So, I decided it was high time to show my readership (which I'm sure has dwindled, seeing as how I haven't posted anything for about two months) an inside look at the little place I like to call "the APT" (that means I pronounce each letter individually, which sounds really cool in casual conversation...try it, you'll see). Let's pretend that I've invited you over for some tea or some delicious cherry juice. Seeing as how you have nothing in particular to do on this fine day, and you have always wanted to see my Soviet-era apartment, you rush right over, climb four flights of stairs (or take the elevator, if you're feeling especially eager/brave) and ring my doorbell. I greet you at the door, and ask you to step inside. First things first, you have to take your shoes off, as that is the Ukrainian way, and hopefully I'll have some delightful plastic sandals that are just the right size. After all this is taken care of, you look up to see..



The foyer. Isn't it lovely? Please note the large Elvis bag that I bought for three dollars at Rite Aid and packed at the last second which has now become one of my regular accessories. See all those shoes in a neat little line? Here you have pretty much every single pair of shoes I currently own, minus both winter and cowboy boots, which still means that I probably have A LOT more shoes than most Ukrainians.



After loitering around the foyer for a while, you look slightly to your left and down a very short hallway where you see...
The view of the kitchen from the foyer! "Is that a couch in the kitchen?" you ask yourself, but then realize that the kitchen is a treasure that we will have to save for a bit later on the tour.

Now, you'll turn to your left, where you will see two doors. No, you have not just stepped onto the sound stage of the game with the doors (this would be funnier if I remembered what that game was called, wouldn't it?), you are a firsthand witness to the Ukrainian phenomenon that is the separation of toilet and tub. Much like the separation of church and state, it has long kept these two powerful entitites from unjustly influencing one another. First, you choose the door to the left, where you find...

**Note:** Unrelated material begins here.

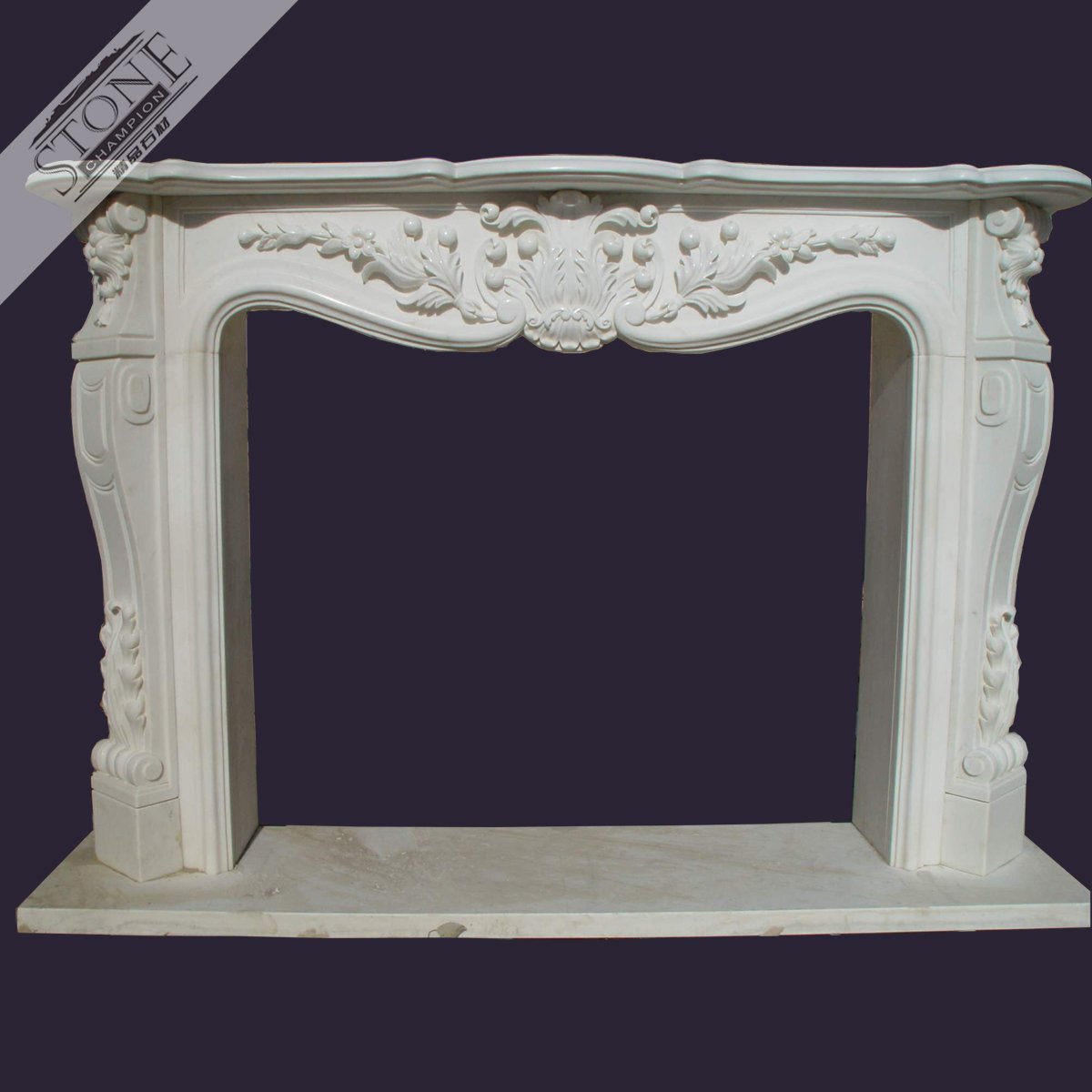 French style white marble indoor used fireplace mantel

The sink...and the world's smallest bathroom mirror. Followed by...

The bathtub. Thankfully, my bathtub comes fully eqiupped with both a shower curtain and a handy rod on which to hang said shower curtain. This is the envy of many a Peace Corps Volunteer. Not to mention that my hot water has been quite reliable of late. Someone must like me. And finally...

The agitator. Or at least that's what they tell me it's called. This is where I "do my laundry", which means I lift up this contraption (not the lightest of loads), set it on its stand, which sits atop the bathtub, fill it with water from the shower head and some laundry detergent (my preferred brand is Tide), plug in the agitator, turn the dial to the maximum (which is about six minutes of spin), cross my fingers and walk away, knowing that it is much easier to merely hope that the agitator will not fall into the bathtub than to watch the little plastic stand grown under its girating weight. So far, so good. I usually do two or three spins with detergent, then two or three as a "rinse cycle". More on the drying procedure later.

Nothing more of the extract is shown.